• _What to produce_: Set out exactly, line by line, the stretch of data below that begins at the line containing "Please create a" and ends at the line containing "Woman Trousers CARGO", with both ends kept.

• _Information provided_:

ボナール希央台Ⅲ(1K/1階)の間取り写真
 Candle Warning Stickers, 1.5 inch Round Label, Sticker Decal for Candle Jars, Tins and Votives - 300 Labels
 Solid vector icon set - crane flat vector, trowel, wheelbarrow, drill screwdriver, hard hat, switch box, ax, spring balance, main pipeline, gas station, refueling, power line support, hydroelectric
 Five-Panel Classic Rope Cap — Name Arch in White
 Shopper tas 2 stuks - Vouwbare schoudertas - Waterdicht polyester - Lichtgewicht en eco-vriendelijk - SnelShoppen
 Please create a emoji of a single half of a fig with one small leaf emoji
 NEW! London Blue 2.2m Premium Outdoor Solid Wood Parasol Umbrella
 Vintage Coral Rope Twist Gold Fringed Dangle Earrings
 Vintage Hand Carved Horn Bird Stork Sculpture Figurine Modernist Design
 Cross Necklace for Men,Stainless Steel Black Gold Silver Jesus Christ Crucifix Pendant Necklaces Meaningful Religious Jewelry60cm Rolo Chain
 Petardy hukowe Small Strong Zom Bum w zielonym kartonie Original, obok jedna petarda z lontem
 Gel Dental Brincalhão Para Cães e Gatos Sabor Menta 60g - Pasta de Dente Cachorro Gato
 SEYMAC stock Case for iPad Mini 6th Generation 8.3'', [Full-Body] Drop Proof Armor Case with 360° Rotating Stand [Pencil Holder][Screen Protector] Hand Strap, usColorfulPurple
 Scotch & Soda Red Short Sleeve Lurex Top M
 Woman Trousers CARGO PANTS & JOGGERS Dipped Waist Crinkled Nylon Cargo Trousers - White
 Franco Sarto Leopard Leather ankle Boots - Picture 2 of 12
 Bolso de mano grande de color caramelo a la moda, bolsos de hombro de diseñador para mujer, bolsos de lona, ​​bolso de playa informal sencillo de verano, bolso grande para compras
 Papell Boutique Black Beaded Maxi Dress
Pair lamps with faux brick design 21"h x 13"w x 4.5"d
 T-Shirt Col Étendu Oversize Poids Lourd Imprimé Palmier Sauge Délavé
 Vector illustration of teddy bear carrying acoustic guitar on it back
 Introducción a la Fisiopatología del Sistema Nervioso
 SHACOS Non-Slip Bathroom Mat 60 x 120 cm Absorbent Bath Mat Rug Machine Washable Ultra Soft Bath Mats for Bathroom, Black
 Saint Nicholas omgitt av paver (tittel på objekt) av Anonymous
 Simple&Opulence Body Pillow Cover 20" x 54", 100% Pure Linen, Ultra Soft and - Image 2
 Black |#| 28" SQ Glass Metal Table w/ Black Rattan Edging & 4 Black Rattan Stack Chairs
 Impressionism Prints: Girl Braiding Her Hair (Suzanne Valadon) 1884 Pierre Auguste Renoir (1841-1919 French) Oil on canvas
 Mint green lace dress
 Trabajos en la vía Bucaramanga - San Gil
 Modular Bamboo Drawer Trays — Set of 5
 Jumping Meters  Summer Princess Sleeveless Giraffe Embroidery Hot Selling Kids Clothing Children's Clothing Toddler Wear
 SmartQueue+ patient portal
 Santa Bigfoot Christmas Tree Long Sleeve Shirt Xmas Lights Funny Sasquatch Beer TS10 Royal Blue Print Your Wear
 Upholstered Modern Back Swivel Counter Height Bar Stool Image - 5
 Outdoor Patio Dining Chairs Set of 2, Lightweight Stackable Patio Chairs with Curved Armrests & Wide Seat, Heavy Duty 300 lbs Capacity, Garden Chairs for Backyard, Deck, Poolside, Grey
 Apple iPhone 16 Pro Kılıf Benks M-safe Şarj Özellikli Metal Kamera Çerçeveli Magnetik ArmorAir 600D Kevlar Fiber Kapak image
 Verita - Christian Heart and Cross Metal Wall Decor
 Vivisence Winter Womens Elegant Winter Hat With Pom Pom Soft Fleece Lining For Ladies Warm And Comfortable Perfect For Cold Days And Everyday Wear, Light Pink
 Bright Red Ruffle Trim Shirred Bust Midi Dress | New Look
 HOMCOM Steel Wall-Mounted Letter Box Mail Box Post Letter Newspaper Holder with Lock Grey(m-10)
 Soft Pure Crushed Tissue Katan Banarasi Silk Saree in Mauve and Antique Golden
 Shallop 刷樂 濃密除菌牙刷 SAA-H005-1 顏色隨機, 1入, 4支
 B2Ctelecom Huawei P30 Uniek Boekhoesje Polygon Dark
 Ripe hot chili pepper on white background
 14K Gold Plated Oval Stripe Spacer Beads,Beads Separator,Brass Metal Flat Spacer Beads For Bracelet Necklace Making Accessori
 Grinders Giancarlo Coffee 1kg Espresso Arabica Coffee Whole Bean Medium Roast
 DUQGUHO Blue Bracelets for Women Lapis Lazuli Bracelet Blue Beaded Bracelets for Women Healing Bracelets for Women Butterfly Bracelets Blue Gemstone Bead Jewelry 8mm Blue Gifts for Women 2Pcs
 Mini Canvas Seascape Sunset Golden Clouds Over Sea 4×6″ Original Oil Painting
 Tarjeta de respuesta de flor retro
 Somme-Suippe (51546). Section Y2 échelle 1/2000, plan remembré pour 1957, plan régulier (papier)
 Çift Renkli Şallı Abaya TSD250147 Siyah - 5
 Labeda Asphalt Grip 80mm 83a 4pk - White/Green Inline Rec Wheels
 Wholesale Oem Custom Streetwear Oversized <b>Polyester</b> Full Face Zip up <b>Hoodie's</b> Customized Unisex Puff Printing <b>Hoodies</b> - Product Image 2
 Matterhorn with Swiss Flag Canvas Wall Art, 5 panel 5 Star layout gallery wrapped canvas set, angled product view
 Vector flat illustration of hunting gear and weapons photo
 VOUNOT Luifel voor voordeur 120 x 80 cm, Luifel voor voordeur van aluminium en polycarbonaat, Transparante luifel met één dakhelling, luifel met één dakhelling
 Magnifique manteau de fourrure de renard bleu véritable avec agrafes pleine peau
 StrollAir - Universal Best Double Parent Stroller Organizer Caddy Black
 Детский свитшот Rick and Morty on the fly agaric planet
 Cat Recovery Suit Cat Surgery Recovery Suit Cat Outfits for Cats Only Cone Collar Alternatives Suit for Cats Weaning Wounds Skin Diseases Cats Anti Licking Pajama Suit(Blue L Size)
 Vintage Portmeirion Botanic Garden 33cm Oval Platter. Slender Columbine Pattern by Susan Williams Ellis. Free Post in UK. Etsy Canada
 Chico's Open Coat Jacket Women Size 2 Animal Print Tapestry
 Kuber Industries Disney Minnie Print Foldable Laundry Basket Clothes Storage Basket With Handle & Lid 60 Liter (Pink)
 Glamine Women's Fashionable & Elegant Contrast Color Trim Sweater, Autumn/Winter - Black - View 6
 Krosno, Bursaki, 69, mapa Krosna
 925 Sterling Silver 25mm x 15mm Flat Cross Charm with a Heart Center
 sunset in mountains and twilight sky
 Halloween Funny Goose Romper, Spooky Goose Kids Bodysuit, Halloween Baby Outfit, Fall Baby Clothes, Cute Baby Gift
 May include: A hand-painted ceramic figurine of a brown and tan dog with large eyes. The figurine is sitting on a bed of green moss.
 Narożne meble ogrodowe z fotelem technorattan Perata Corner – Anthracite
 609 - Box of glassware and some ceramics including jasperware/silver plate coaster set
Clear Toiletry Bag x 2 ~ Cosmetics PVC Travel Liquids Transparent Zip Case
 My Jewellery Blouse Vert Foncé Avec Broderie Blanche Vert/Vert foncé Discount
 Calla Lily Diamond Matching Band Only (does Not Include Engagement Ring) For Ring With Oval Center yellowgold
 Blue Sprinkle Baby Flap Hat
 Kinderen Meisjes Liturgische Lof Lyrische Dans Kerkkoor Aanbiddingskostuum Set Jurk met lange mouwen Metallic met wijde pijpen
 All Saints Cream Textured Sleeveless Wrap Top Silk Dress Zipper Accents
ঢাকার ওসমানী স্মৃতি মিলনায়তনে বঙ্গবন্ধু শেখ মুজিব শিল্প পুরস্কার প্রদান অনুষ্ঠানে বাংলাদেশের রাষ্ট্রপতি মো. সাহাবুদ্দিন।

• _Output below_:
 Please create a emoji of a single half of a fig with one small leaf emoji
 NEW! London Blue 2.2m Premium Outdoor Solid Wood Parasol Umbrella
 Vintage Coral Rope Twist Gold Fringed Dangle Earrings
 Vintage Hand Carved Horn Bird Stork Sculpture Figurine Modernist Design
 Cross Necklace for Men,Stainless Steel Black Gold Silver Jesus Christ Crucifix Pendant Necklaces Meaningful Religious Jewelry60cm Rolo Chain
 Petardy hukowe Small Strong Zom Bum w zielonym kartonie Original, obok jedna petarda z lontem
 Gel Dental Brincalhão Para Cães e Gatos Sabor Menta 60g - Pasta de Dente Cachorro Gato
 SEYMAC stock Case for iPad Mini 6th Generation 8.3'', [Full-Body] Drop Proof Armor Case with 360° Rotating Stand [Pencil Holder][Screen Protector] Hand Strap, usColorfulPurple
 Scotch & Soda Red Short Sleeve Lurex Top M
 Woman Trousers CARGO PANTS & JOGGERS Dipped Waist Crinkled Nylon Cargo Trousers - White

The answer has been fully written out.